-------- RECORDED INFORMATION
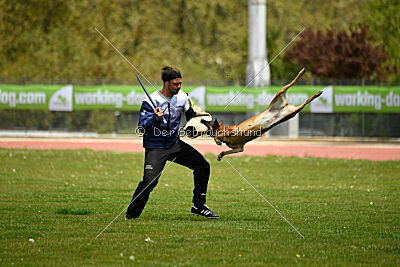 Davinia vom Wein Berg Land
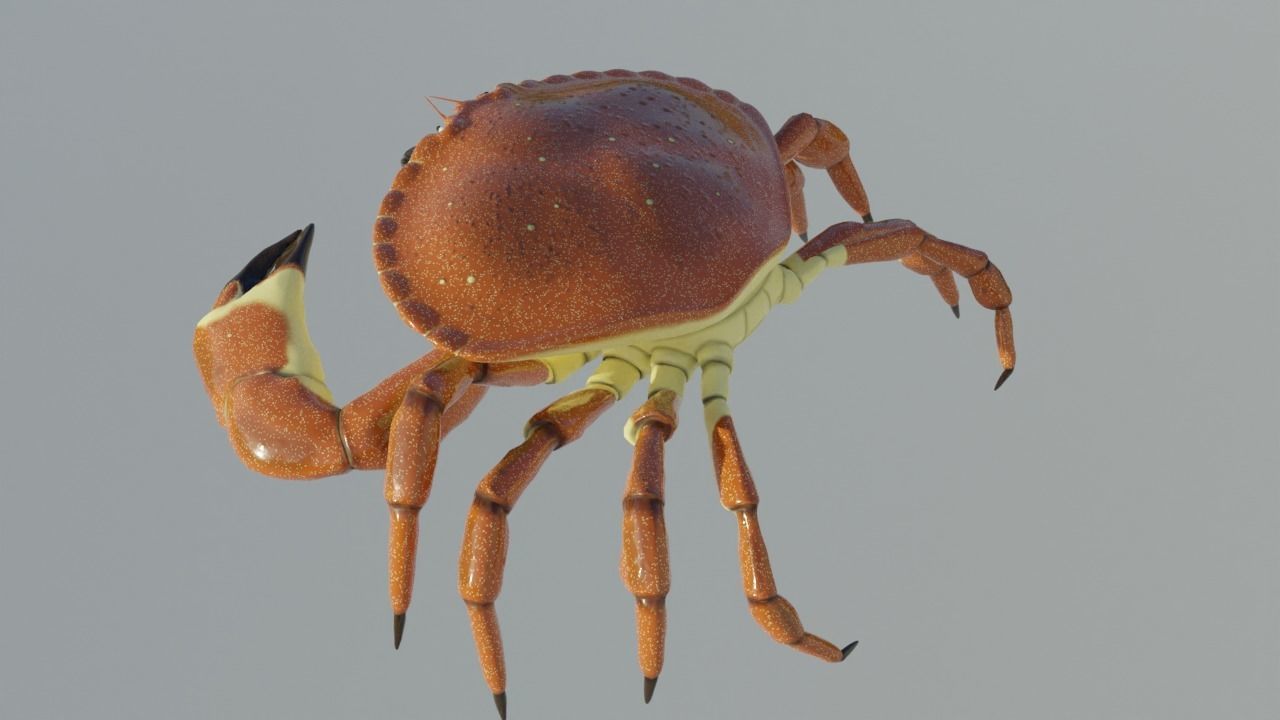 Brown Crab Rigged And Animated Low-poly 3D model_8
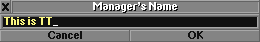 Manager name (also used for signs and renaming towns/stations)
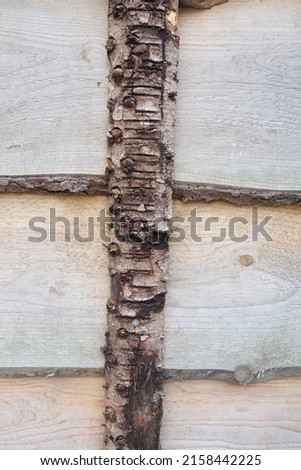 pattern and wood grain, structures on the surface of wood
----------------
*DIRECTIONS*: Retype precisely, and only, the lines from the one holding "Brown Crab Rigged" through the final line of the data above, with the pictures omitted.

*PROBLEM SOLUTION*:
 Brown Crab Rigged And Animated Low-poly 3D model_8
 Manager name (also used for signs and renaming towns/stations)
 pattern and wood grain, structures on the surface of wood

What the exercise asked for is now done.